#### Provided records
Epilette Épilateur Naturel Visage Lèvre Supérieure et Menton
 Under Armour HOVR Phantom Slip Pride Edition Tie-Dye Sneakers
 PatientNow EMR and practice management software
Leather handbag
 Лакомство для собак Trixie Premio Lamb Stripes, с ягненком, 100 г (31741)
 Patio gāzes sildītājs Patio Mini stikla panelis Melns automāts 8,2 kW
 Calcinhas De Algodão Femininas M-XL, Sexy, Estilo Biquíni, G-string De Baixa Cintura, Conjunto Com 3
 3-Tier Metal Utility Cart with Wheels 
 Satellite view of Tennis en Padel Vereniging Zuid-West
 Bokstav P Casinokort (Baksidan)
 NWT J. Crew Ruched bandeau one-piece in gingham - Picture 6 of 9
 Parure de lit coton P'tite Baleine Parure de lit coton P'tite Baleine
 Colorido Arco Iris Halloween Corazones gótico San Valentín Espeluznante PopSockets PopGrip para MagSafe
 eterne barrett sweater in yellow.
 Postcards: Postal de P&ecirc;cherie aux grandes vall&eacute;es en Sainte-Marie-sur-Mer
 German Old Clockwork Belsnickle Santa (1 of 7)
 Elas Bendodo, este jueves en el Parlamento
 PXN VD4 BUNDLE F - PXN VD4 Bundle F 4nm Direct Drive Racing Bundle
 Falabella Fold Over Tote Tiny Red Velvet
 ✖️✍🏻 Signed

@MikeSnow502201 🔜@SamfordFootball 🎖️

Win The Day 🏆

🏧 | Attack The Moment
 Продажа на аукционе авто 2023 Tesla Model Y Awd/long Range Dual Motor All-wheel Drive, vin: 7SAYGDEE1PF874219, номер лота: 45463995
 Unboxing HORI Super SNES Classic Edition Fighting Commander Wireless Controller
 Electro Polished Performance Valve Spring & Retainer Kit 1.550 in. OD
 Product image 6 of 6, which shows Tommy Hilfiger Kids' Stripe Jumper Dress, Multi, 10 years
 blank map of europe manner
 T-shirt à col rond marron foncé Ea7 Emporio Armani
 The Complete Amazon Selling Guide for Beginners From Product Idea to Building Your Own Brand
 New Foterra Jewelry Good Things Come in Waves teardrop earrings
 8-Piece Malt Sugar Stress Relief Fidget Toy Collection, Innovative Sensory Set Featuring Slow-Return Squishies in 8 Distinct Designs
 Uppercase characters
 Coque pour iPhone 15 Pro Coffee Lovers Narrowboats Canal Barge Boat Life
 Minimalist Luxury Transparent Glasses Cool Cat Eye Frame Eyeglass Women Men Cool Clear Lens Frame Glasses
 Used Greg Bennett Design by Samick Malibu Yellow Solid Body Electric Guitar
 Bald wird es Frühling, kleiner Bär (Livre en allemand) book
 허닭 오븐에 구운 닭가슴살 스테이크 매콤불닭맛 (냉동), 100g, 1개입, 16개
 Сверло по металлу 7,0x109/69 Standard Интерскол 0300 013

#### About this task
Which of the lines above carry the string "Drive"? Copy every one.

#### Task result
 PXN VD4 BUNDLE F - PXN VD4 Bundle F 4nm Direct Drive Racing Bundle
 Продажа на аукционе авто 2023 Tesla Model Y Awd/long Range Dual Motor All-wheel Drive, vin: 7SAYGDEE1PF874219, номер лота: 45463995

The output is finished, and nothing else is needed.